NASHVILLE, Tenn. (BP)–A vote by toll-free telephone numbers, the Internet and U.S. mail on whether The Disney Company should be boycotted was initiated by USA Weekend magazine in its July 18-20 issue.
To vote by telephone in favor of a Disney boycott, for example, dial 1-800-446-8405; against, 1-800-446-8406. The first 100,000 calls will be tallied; the lines will be open through midnight July 24.
The Sunday supplement magazine item, headlined, “Gays, Baptists and Disney,” recounted: “The Southern Baptist Convention has urged its members to boycott Disney because of what it calls the company’s pro-gay policies and offensive entertainment.”
“Everyone has an opinion about the Southern Baptist boycott of gay-friendly Disney,” USA Weekend stated. “What’s yours?”
Meanwhile, the president of Southern Baptists’ Ethics and Religious Liberty Commission has announced an initiative to monitor the boycott’s impact.

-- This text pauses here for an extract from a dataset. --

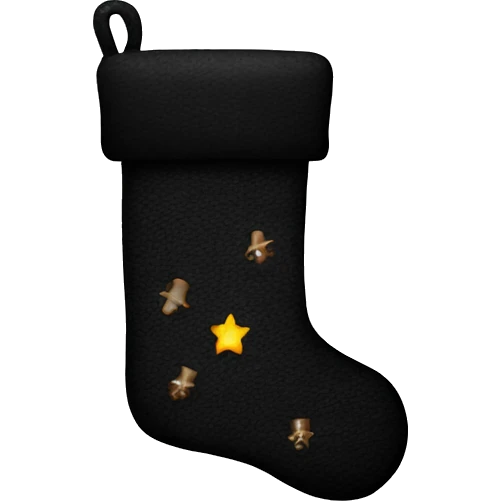 black Christmas stocking emoji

Richard Land, in the July issue of the ERLC’s newsletter Salt, stated:
“Since Disney will not release figures, the only way to measure the financial impact on Disney is to call for Southern Baptists and others who join them to write Michael Eisner a letter at the end of every month noting how much money each family did not spend on Disney products that month in support of Southern Baptists’ financial protest and send the ERLC a copy of the letters. We will tabulate the results on a regular basis and share them with the public.”
Eisner, Disney’s president, can be addressed at The Disney Company, 500 South Buena Vista St., Burbank, CA 91521.
The ERLC’s address is 901 Commerce St. #550, Nashville, TN 37203.
Disney’s stock has continued its May-June-July decline, closing July 18 at 75 7/8, the lowest since the June 18 Disney boycott vote by messengers at the SBC annual meeting in Dallas. On May 12, Disney stock had posted a 52-week high of $85.375 a share.
The USA Weekend poll, while unscientific, will be a sampling of Gannett-published magazine’s claimed 41.7 million readers.
The USA Weekend item included pro-and-con comments by seven individuals on the Disney boycott.
From Walt Disney’s hometown of Marceline, Mo., pastor Delmar McCollum of First Baptist Church, stated: “We don’t do this because we have hate in our hearts. We feel like a wrong has been done. The bottom line for the Disney company is money. If you cut the source of money, then you have gotten to the root of what they see as God in their life.”
In addition to the toll-free numbers, votes also can be registered at USA Weekend’s site on the World Wide Web — http://www.usaweekend.com — or by mailing one’s vote on a postcard or the back of an envelope to Disney Boycott, USA Weekend, 1000 Wilson Blvd., Arlington, VA 22229.
The overall tally will be announced in USA Weekend in its Aug. 22- 24 issue.
In addition to the Missouri pastor, among others commenting in USA Weekend was SBC President Tom Elliff: “We want to encourage Disney to use the privilege of free speech in a fashion that encourages a high standard of morality in our nation. While Disney is free to do as they will, at the same time we’re certainly within our rights to encourage our members to think twice about the manner in which they spend their entertainment dollars. … Right is right, whether the boycott gets the desired result or not.”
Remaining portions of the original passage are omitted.